With both studies, we examine experimental differences in two ways. First, we consider whether the effect of an argument is substantively and statistically different from the baseline in each approach. That is, we consider what conclusions we might draw about the effect of an argument if we only had the results of one research design and not both. Second, our overarching experimental assignment to the post-only or RMWS approaches allows us to evaluate the results from each design against one another. That is, we examine whether the differences in results across approaches are substantively and statistically different from one another. We recognize that substantive significance is vague and context dependent. When looking at the designs separately, we evaluate the estimated effect sizes keeping in mind whether politicians, political activists, and scholars of public opinion would care about an effect of the estimated magnitude. We also put those results into further context, evaluating whether researchers would draw the same substantive and statistical conclusions with either design. We emphasize the substantive evaluation because relying just on the statistical outcome of the difference in effect size to make a determination as to whether the differences between the two designs are important fails to recognize that a statistically insignificant difference is not the same as supporting the null hypothesis of no difference (Achen, Reference Achen1982).

4.2 Results

In study 1, we find evidence consistent with the opportunity to revise hypothesis, i.e., the RMWS approach provides sufficient inducement for people to change their mind that overall support for the policy shifts in a meaningful way. As expected, across each approach, the baseline measure of support for DC statehood is similar (38.8 percent in the post-only versus 39.1 percent in the RMWS, see Supplementary Figure A1).Footnote 6 Yet upon reading the argument provided in favor of DC statehood (DC residents pay federal taxes), support goes up 5.6 percentage points (p = 0.11) in the traditional experiment and 9.5 points (p < 0.01) in the RMWS design (Figure 1).Footnote 7

Figure 1. Effect of arguments on support for DC statehood by research design approach.

Note: Error bars represent 95 percent confidence intervals.

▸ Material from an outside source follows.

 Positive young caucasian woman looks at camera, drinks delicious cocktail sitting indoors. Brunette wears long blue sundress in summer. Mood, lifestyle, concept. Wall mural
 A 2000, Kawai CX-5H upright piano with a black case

Similarly, the argument that DC sometimes elects corrupt officials dropped support for DC statehood by 2.2 percentage points (p = 0.53) in the traditional experiment, but was 4 times larger, at 9.2 points (p < 0.01) in the RMWS design.

If we only had access to one of these two experiments, we would reach very different conclusions about the arguments' effects (see Figure 1). Relying on the post-only design, we would conclude that both arguments are relatively ineffective. Although the argument that DC residents pay taxes is relatively large and nearly achieves conventional levels of statistical significance, it would not be sufficient to reject the null of no effect. If we only had the RMWS design, however, we would determine that both arguments are very effective and by similar, nearly 10-point margins.

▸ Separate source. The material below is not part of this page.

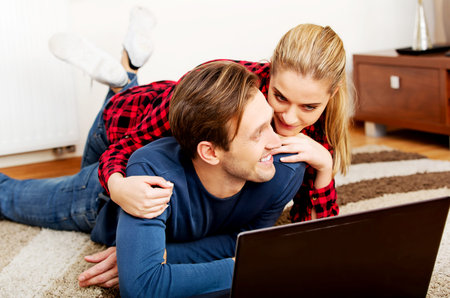 Happy couple lying on the floor with laptop.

Examining the difference in effect size and focusing on statistical significance, however, we find only partial evidence that the two designs yielded different results. Even though the taxes argument was nearly 4-points more persuasive in the RMWS design, that difference is not statistically significant (p = 0.31). For the corruption argument, which had a treatment effect of 2.2 points in the post-only design compared to 9.2 points in the RMWS design, the difference is statistically significant at p = 0.07. For researchers holding to the p < 0.05 threshold, that would not pass, but many would find it compelling (Achen, Reference Achen1982). Nonetheless, as noted earlier, this misses several important points. First, researchers generally would choose one approach rather than run both experimentally. Here, that choice would influence the substantive conclusions they would draw. Second, analyses involving a difference in effect size require immense statistical power, since an interaction is added to estimate the difference in differences between treatment and control, both across groups and within subjects. Especially since it is reasonable to think the sample might not be large enough, focusing on substantive significance is most appropriate.

5. Study 2

5.1 Design

Study 2 was conducted from November 11–12, 2021, using a convenience sample of 2002 Lucid Theorem panelists. The sample was designed to be representative of the US adult population with the aid of quotas for age, race, gender, and region. Study 2 was similar to study 1, but with a different area of policy debate—prescription drug prices. We chose a design originally used by the Kaiser Family Foundation (KFF), an organization that frequently uses the RMWS design.Footnote 8 This study has the advantage of having one argument that KFF found to be especially effective in shaping public opinion. The “limit access” argument described below was found to reduce support for the policy by more than 50 percentage points. As in study 1, respondents were randomly assigned to five conditions—three associated with post-only and two associated with RMWS:Footnote 9

  1. (1) Control. Respondents answered whether they favored or opposed allowing the federal government to negotiate with drug companies for lower prescription drug prices, which would apply to Medicare and private insurance.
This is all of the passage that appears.